Total (sha384): 53b8374607a8258de4173265bfbfa6120093fd42090a92fd589cf2c6c16b4e421b5135777714976713f7949715720a83

Total (sha512): 969a39bf47b5f12d81121084f19cb5ae250e0c0ea5b7c6d82cf08131acde8e1955d137612c2f6b255e25b0e28f96f93586f90f06965cb8f719ed7fbdd95cc8d4

I will prepare the new branch and upload it soon.

[davidpolverari]

I have prepared a tentative fix (https://github.com/resurrecting-open-source-projects/dcfldd/commit/cb54a40d831999fff4158e3ac1c2c561c3dea59f) on the bugfix/issue-11 branch. Please, let me know if it worked on s390x after you try it. We can later merge it into master if it does. Thanks!
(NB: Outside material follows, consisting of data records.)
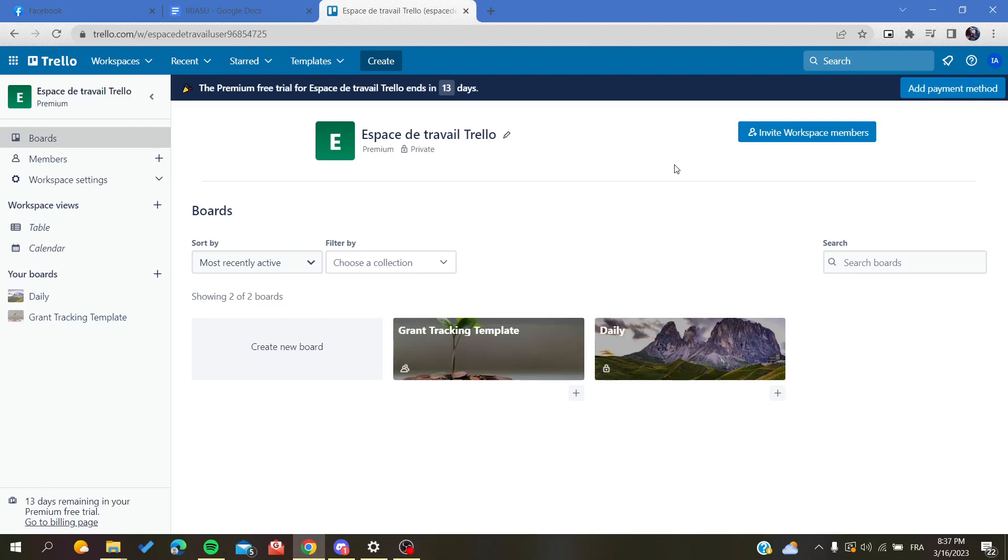Hello guys and welcome to a new video. Today I'm going to show you how to rename your boards in Trello web application. The first thing you need to do is connect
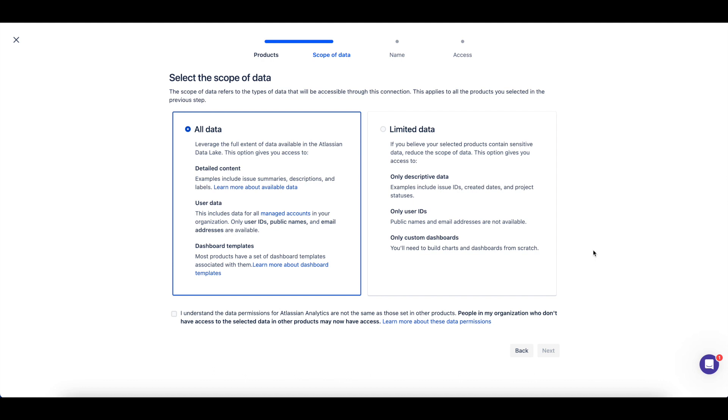Note that if you choose to limit the data, dashboard and chart templates will not be available for this data lake connection. Dashboard and chart templates come out of the box and offer great examples of the insights you can pull from the Atlassian Data Lake.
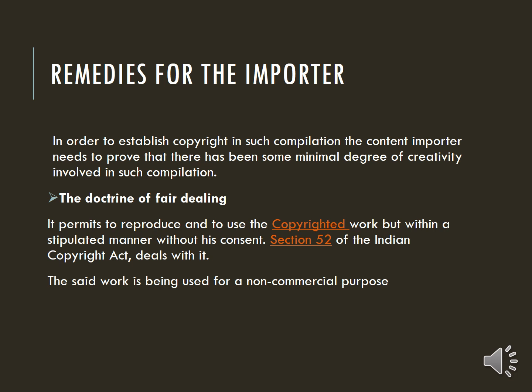Remedies for the importer: In order to establish copyright in such a compilation, the content importer needs to prove that there has been some minimal degree of creativity involved in the compilation. Here, the doctrine of fair dealing permits reproducing and using copyrighted work within a stipulated manner without the owner's consent.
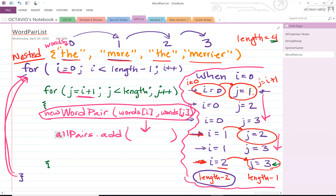The first time, i is 0 and j is 1, giving us the pair (0, 1). Then we loop back to the inner for loop and increment j to 2, giving (0, 2). Then j becomes 3, giving (0, 3). We loop back, j is now 4, and 4 is no longer less than the array length of 4, so we exit the inner for loop. We go to the outer loop's closing brace, loop back to the top, and increment i to 1. We check: is 1 still less than 4 minus 1, which is 3? Yes, so we loop again.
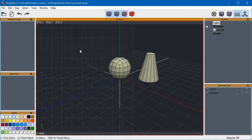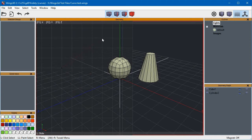We draw the curve using the camera view, so a view plane is drawn to help us measure the distance between the last node and the one we are about to add.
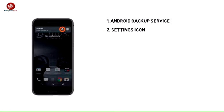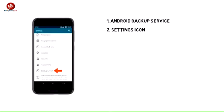From the home screen, swipe down from the top of the screen and tap the settings icon. Scroll to and tap Backup & Reset.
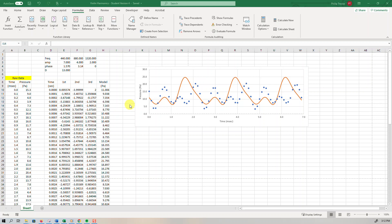Welcome back everyone. This time we're going to calculate the residuals and then optimize our model. So what is a residual?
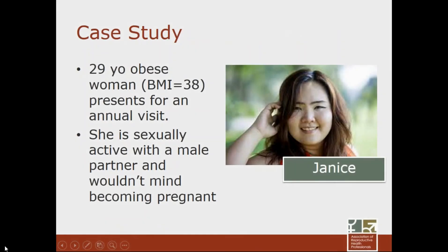Let's look at this case study. This is a 29-year-old woman who is clinically obese with a body mass index of 38. She's here for an annual visit, sexually active with a male partner, and wouldn't mind becoming pregnant. One of the big issues to address is that because of her obesity, she has increased risks of adverse pregnancy outcomes. It might be better for her to work on bringing her weight down before becoming pregnant, using contraception until she gets her weight to a healthier range. We have a number of contraceptive options that would be safe for her, with the only caveat being that Depo-Provera can cause some women to gain weight.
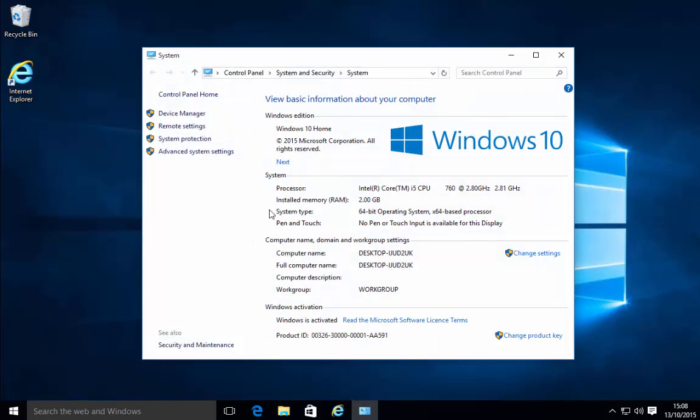You will see under system just here system type and in my case here it says 64-bit operating system. If you have a 32-bit operating system then it will say 32-bit operating system x86 based processor.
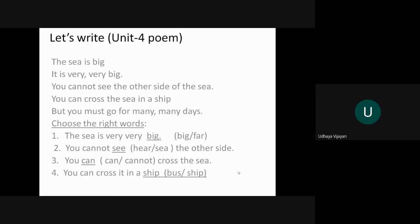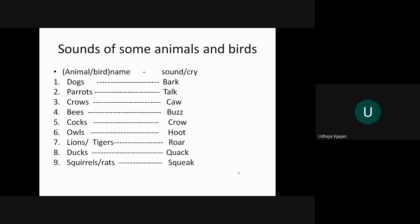You can cross it in a ship. In bracket it is given bus or ship, so ship is the right answer. In the second question, children, here and C is given S-E-E. By mistake it is written S-E-E-A, so we have to correct it. Now come to the next one.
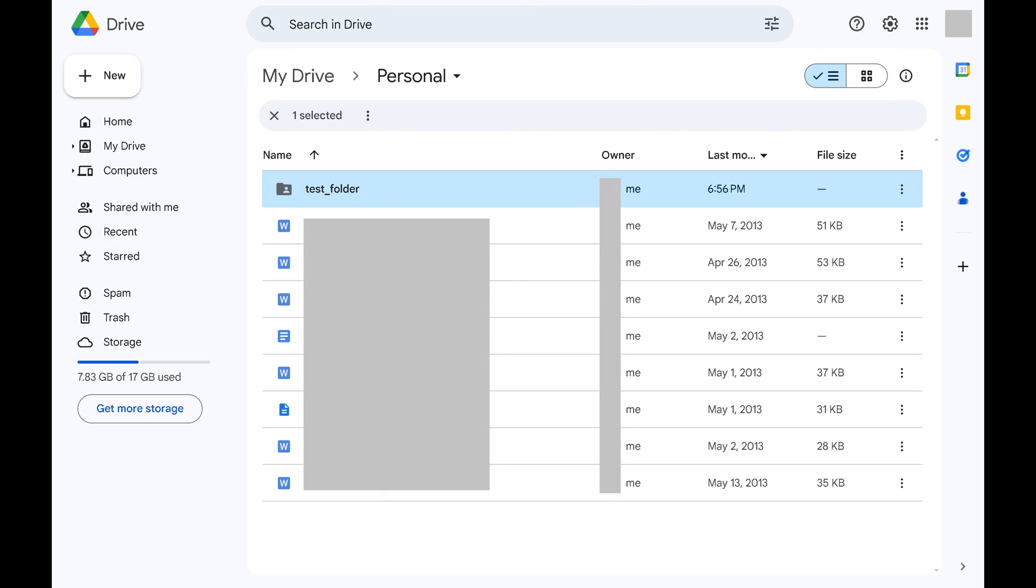Step 1: Open Google Drive and navigate to where the file or folder you want to see sharing permissions for is located.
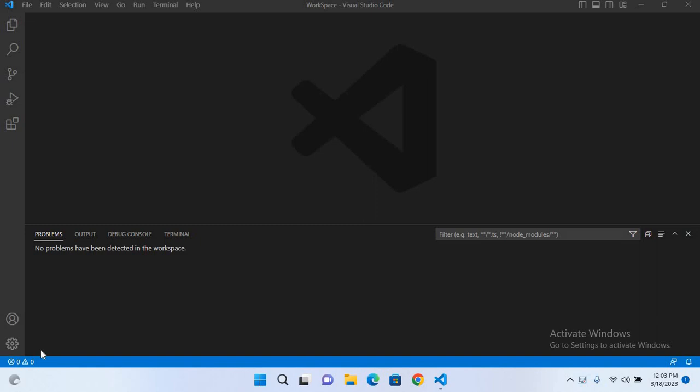Bismillahirrahmanirrahim, hello guys, welcome to my channel. Today in this video tutorial we will learn how to run Java programs in Visual Studio Code. For this we need two things: one is Java extension and the second one is Java JDK.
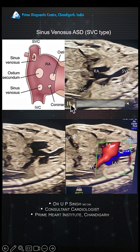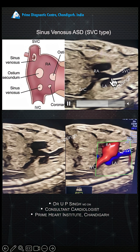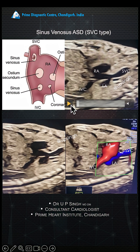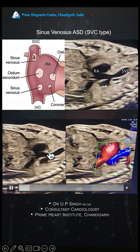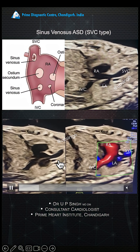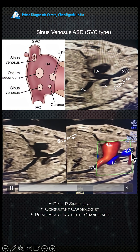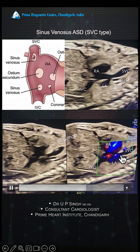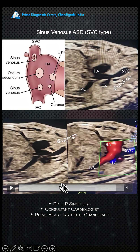How do you see that? You can see there is an override of the SVC. The overriding of the SVC with the defect on the interatrial septum is sinus venosus ASD. There is an override of the SVC, and you can see the blood from the SVC going into the right atrium as well.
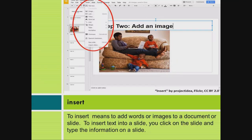Insert. To insert means to add words or images to a document or slide. To insert text into a slide, you click on the slide and type the information on a slide.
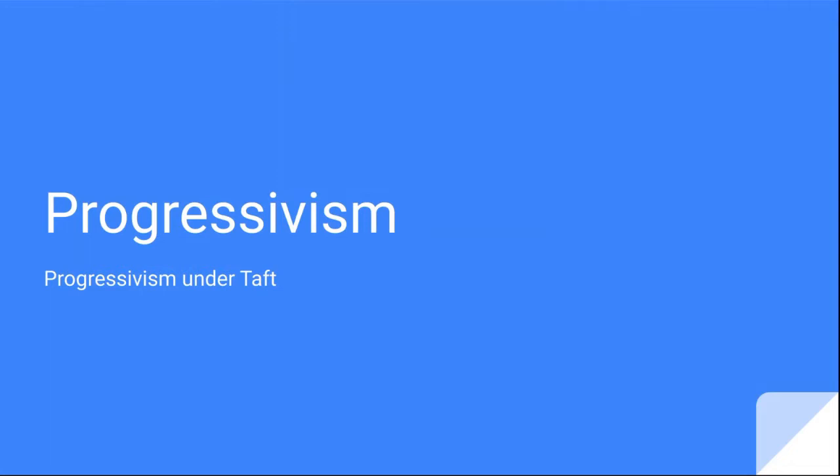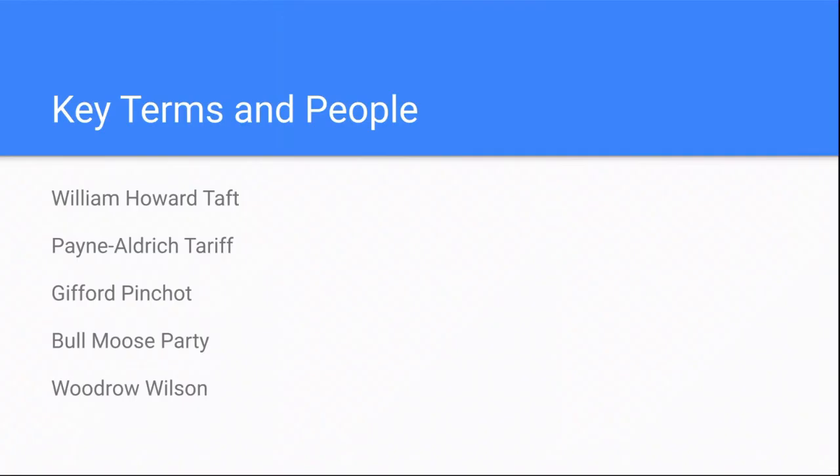In this lesson, you'll learn about the reforms and political problems of the next president, William Howard Taft. The key terms and people in this unit are William Howard Taft, Payne Aldrich Tariff, Gifford Pinchot, the Bull Moose Party, and Woodrow Wilson.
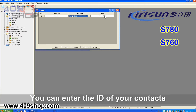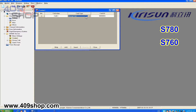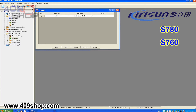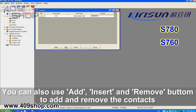Call ID: you can enter the ID of your contacts. You can also use the add, insert, and remove buttons to add and remove contacts.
Note: maybe adding only build-time endianness configuration will not be enough, as several posts over the Internet report inconsistencies about involved compiler flags. We also might need to add runtime endianness detection support (by using the same approach as OpenLDAP). I will work on that too.

[davidpolverari]

I added another commit to the bugfix/issue-11 branch that adds a configure option (--enable-runtime-endian-check) to enable runtime endianness checking, in addition to the build-time check. It is disabled by default.

[eribertomota]

Worked fine on s390x!

[davidpolverari]

Great! Thanks for the test! I made the runtime endianness checking the default during the build. Should the user want to disable it, it can be done by using the --disable-runtime-endian-check during ./configure. I will merge it on master now.